Dass dies in den kommenden Jahren so bleiben dürfte, liegt an einer Besonderheit des Teppichhandels: Verdient wird das Geld mit der Knüpfware nicht im Verkauf, sondern im Einkauf und in der Logistik – zwei Disziplinen, in denen die Otto Group den meisten Konkurrenten längst enteilt ist.
„Das Geschäft lebt von großen Volumina“, sagt Manager Kufs. Um möglichst günstige Preise zu erzielen, würden zum Beispiel bei Badematten nicht selten Chargen von 50.000 bis 60.000 Stück eingekauft. Weil sich der Abverkauf oftmals über ein Jahr hinziehe, seien enorme Lagerkapazitäten notwendig – samt aufwendigem Brandschutz und ausgeklügeltem Retourenmanagement.
Mit all dem kennt sich die Otto Group aus wie nur wenige andere. Allein in Europa betreibt sie über ihre Tochter Hermes Fulfilment 17 Lagerstandorte, in denen zusammen fast 10.000 Mitarbeiter beschäftigt sind. Hinzu kommt die Auslieferung durch den Hermes Paketservice und – für sperrige Güter ab 1,20 Meter Länge und 31,5 Kilogramm Gewicht – durch den Hermes Einrichtungsservice, einen Liefer- und Aufbaudienst, der stets mit zwei Mitarbeitern gleichzeitig beim Kunden klingelt.
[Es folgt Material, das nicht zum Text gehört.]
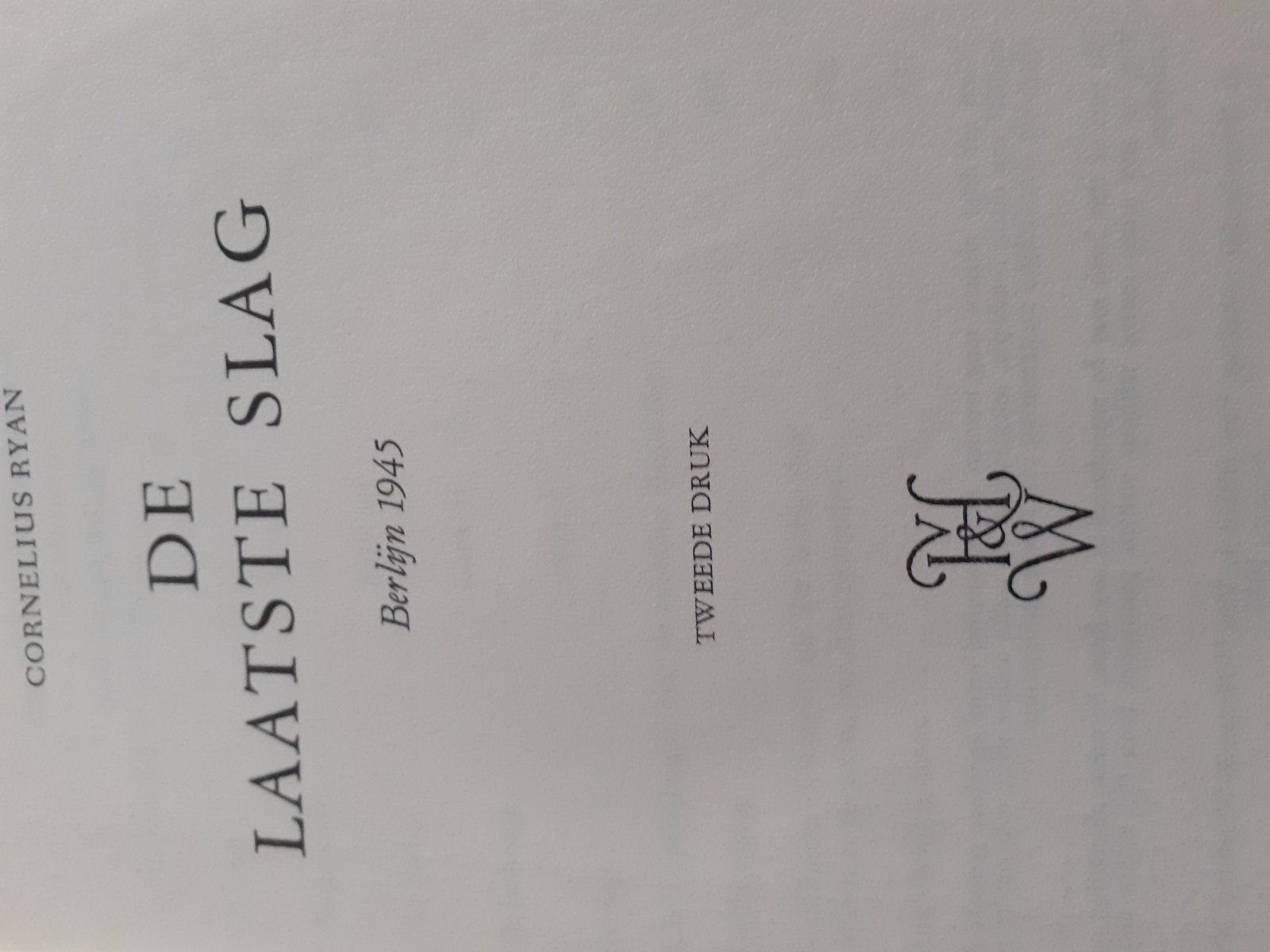 De laatste slag / cornelius ryan, Boeken, Ophalen of Verzenden, Tweede Wereldoorlog, Gelezen, Cornelius Ryan
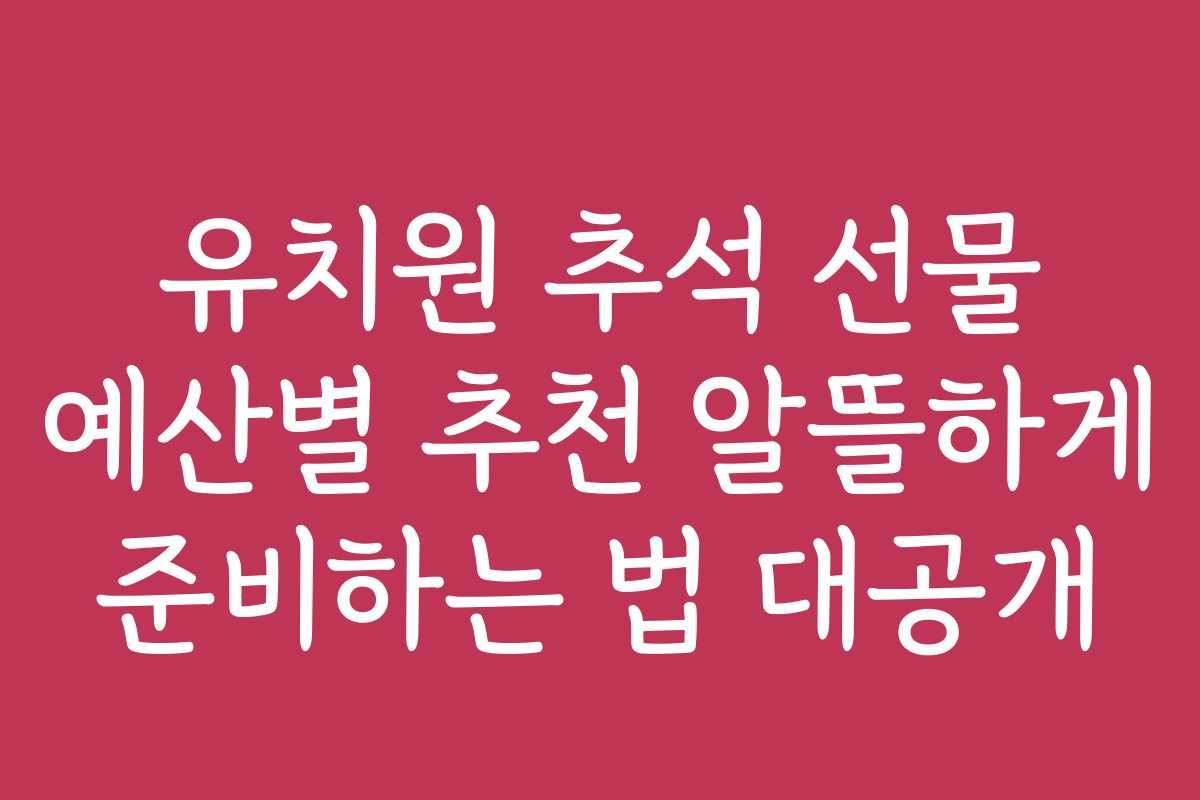 유치원 추석 선물 예산별 추천 알뜰하게 준비하는 법 대공개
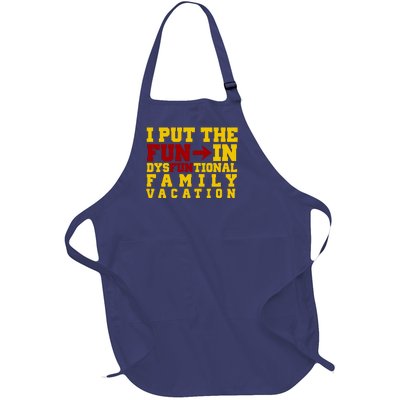 I Put The Fun In Dysfunctional Family Vacation Full-Length Apron With Pockets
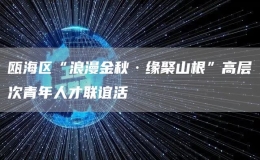 甌海區(qū)“浪漫金秋·緣聚山根”高層次青年人才聯(lián)誼活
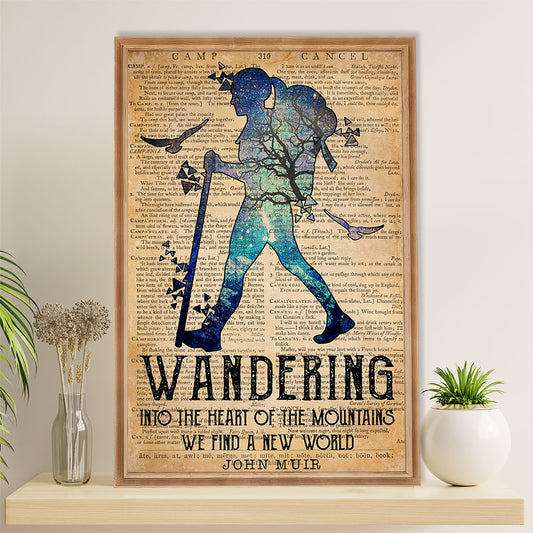 Camping Poster | Wandering Into The Heart Of The Mountains | Wall Art Gift for Camper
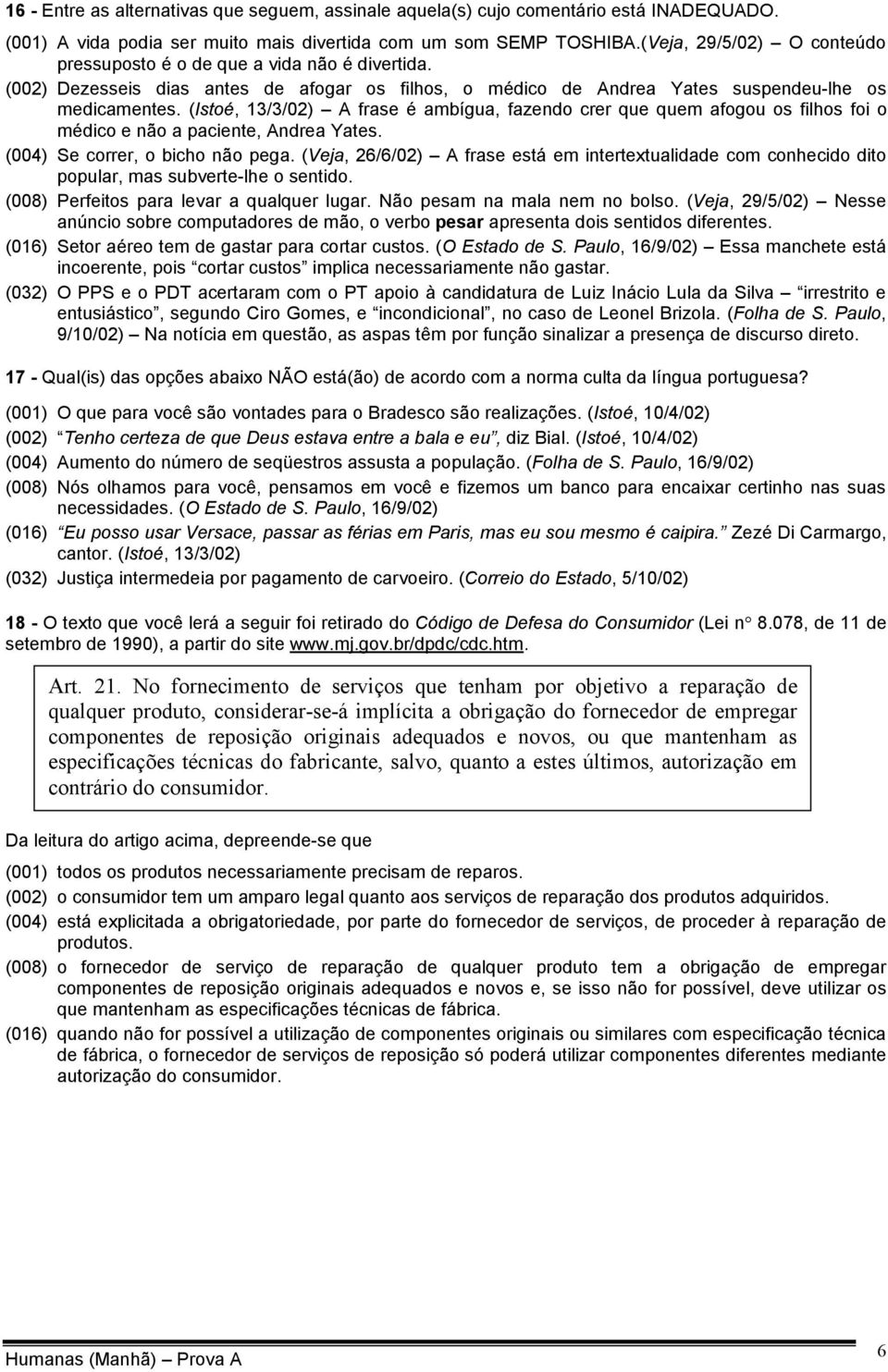 (Istoé, 13/3/02) A frase é ambígua, fazendo crer que quem afogou os filhos foi o médico e não a paciente, Andrea Yates. (004) Se correr, o bicho não pega.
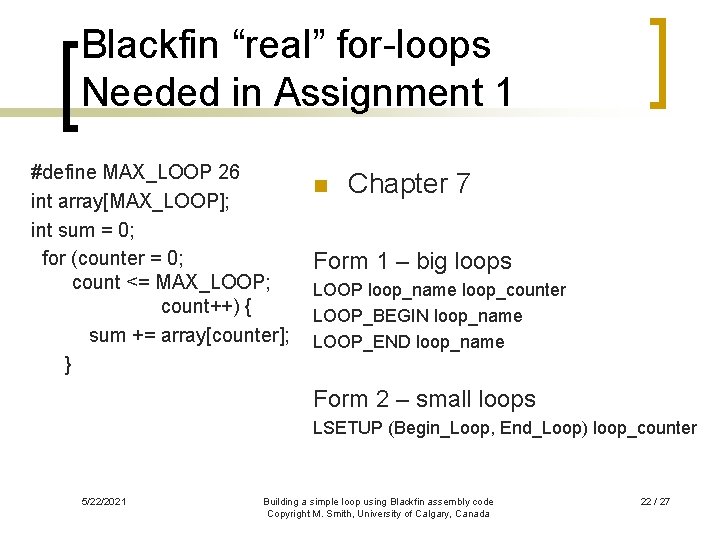 Blackfin “real” for-loops Needed in Assignment 1 #define MAX_LOOP 26 int array[MAX_LOOP]; int sum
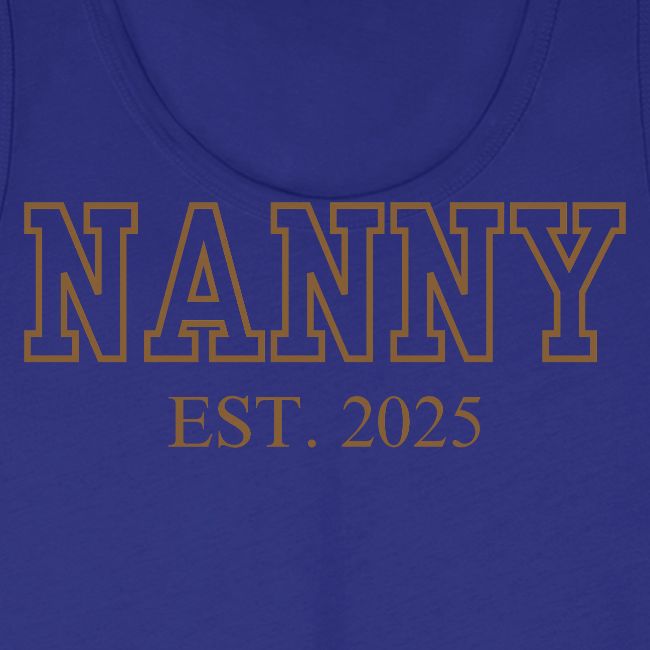 Nanny Est. 2025 (Brown Font)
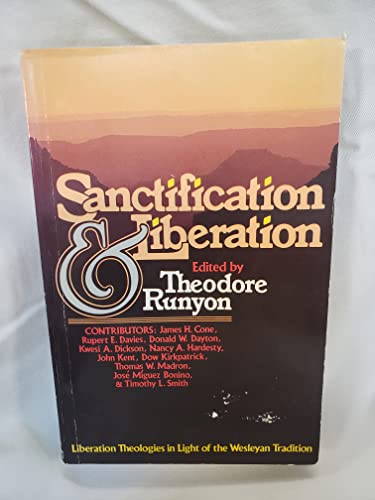 9780687368105: Sanctification and Liberation: Liberation Theologies in the Light of the Wesleyan Tradition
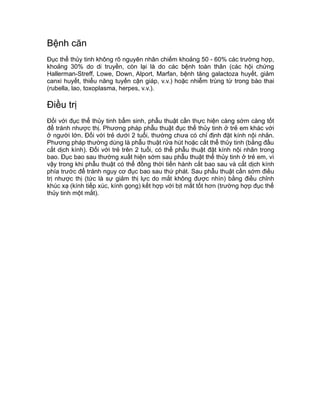 Bệnh căn
Đục thể thủy tinh không rõ nguyên nhân chiếm khoảng 50 - 60% các trường hợp,
khoảng 30% do di truyền, còn lại là do các bệnh toàn thân (các hội chứng
Hallerman-Streff, Lowe, Down, Alport, Marfan, bệnh tăng galactoza huyết, giảm
canxi huyết, thiểu năng tuyến cận giáp, v.v.) hoặc nhiễm trùng từ trong bào thai
(rubella, lao, toxoplasma, herpes, v.v.).
Điều trị
Đối với đục thể thủy tinh bẩm sinh, phẫu thuật cần thực hiện càng sớm càng tốt
để tránh nhược thị. Phương pháp phẫu thuật đục thể thủy tinh ở trẻ em khác với
ở người lớn. Đối với trẻ dưới 2 tuổi, thường chưa có chỉ định đặt kính nội nhãn.
Phương pháp thường dùng là phẫu thuật rửa hút hoặc cắt thể thủy tinh (bằng đầu
cắt dịch kính). Đối với trẻ trên 2 tuổi, có thể phẫu thuật đặt kính nội nhãn trong
bao. Đục bao sau thường xuất hiện sớm sau phẫu thuật thể thủy tinh ở trẻ em, vì
vậy trong khi phẫu thuật có thể đồng thời tiến hành cắt bao sau và cắt dịch kính
phía trước để tránh nguy cơ đục bao sau thứ phát. Sau phẫu thuật cần sớm điều
trị nhược thị (tức là sự giảm thị lực do mắt không được nhìn) bằng điều chỉnh
khúc xạ (kính tiếp xúc, kính gọng) kết hợp với bịt mắt tốt hơn (trường hợp đục thể
thủy tinh một mắt).
 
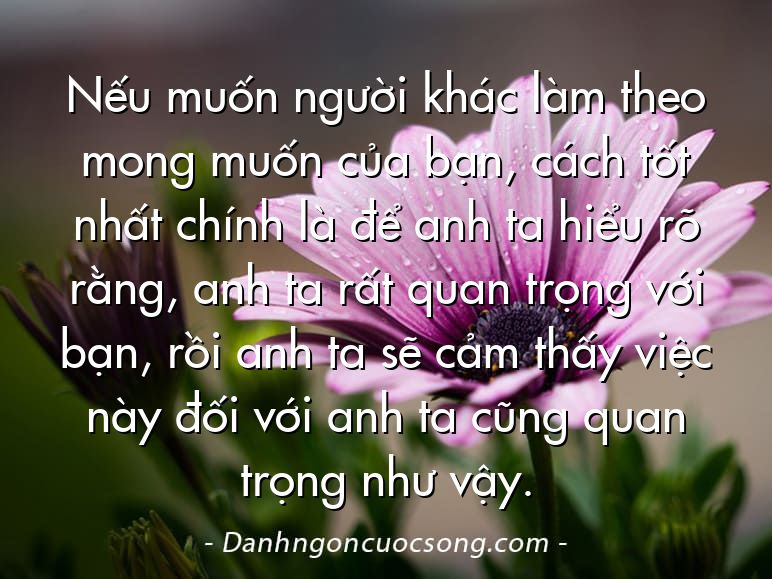 Nếu muốn người khác làm theo mong muốn của bạn, cách tốt nhất chính là để anh ta hiểu rõ rằng, anh ta rất quan trọng với bạn, rồi anh ta sẽ cảm thấy việc này đối với anh ta cũng quan trọng như vậy.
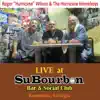 Live at Subourbon Bar & Social Club album lyrics, reviews, download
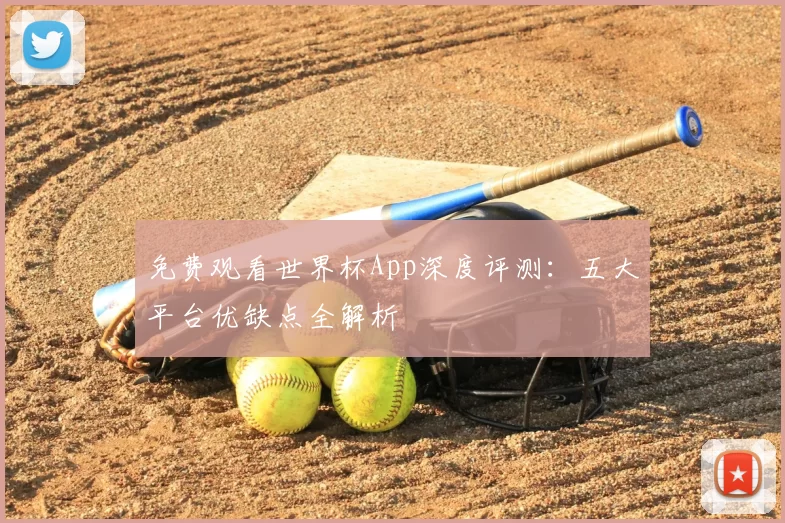 免费观看世界杯App深度评测：五大平台优缺点全解析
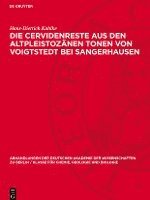bokomslag Die Cervidenreste Aus Den Altpleistozänen Tonen Von Voigtstedt Bei Sangerhausen: Teil 1. Die Schädel, Geweihe Und Gehörne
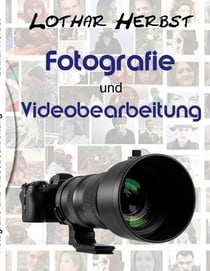 Fotografie und Videobearbeitung - zwischen Pixeln und Frames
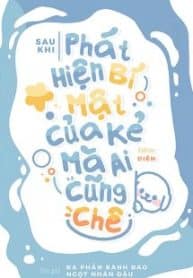 sau-khi-phat-hien-bi-mat-cua-ke-ma-ai-cung-che.jpg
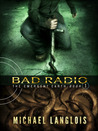Bad Radio by Michael Langlois Bad Radio by Michael Langlois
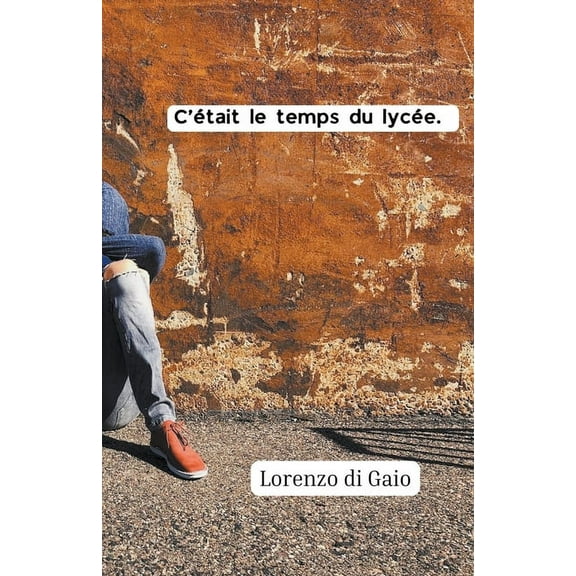 C'Ã©tait le temps du lycÃ©e, (Paperback)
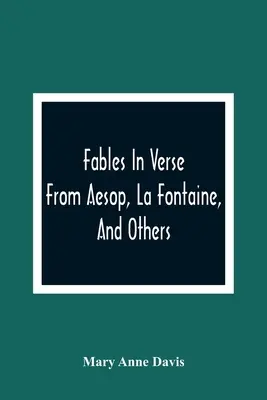 Bajki wierszem: Od Ezopa, La Fontaine'a i innych - Fables In Verse: From Aesop, La Fontaine, And Others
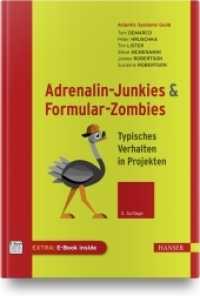 Adrenalin-Junkies und Formular-Zombies, m. 1 Buch, m. 1 E-Book : Typisches Verhalten in Projekten （2. Aufl. 2022. 270 S. komplett in Farbe. 248 mm）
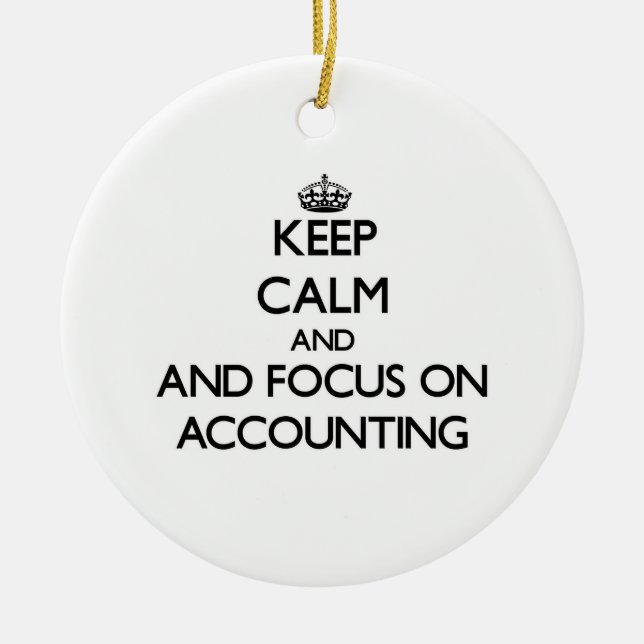 Keep calm and focus on Accounting Ceramic Tree Decoration (Front)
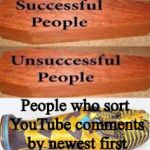Successful people | People who sort YouTube comments by newest first | image tagged in successful people | made w/ Imgflip meme maker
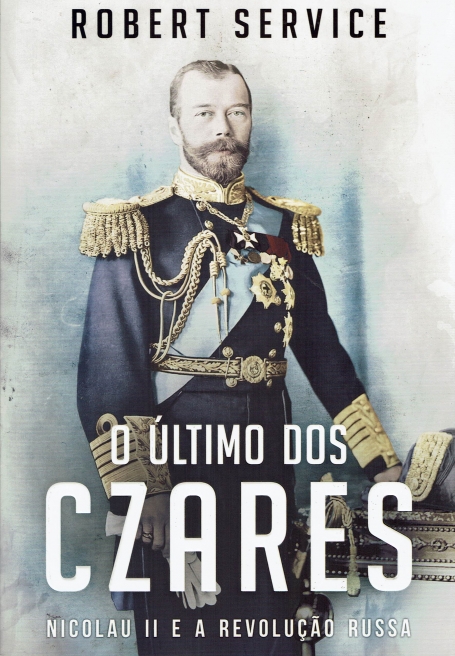 O ULTIMO DOS CZARES NICOLAU II E A REVOLUCAO RUSSA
Auch ins sogenannte „Sourcing“, das Beschaffen von Teppichen im Ausland, hat der Versandhändler kräftig investiert, um gegen Rivalen wie den Möbelhändler Höffner oder den US-Konzern Amazon anzutreten. Eigene Einkaufsbüros unterhält die Otto Group unter anderem in Pakistan, Indien, China und der Türkei.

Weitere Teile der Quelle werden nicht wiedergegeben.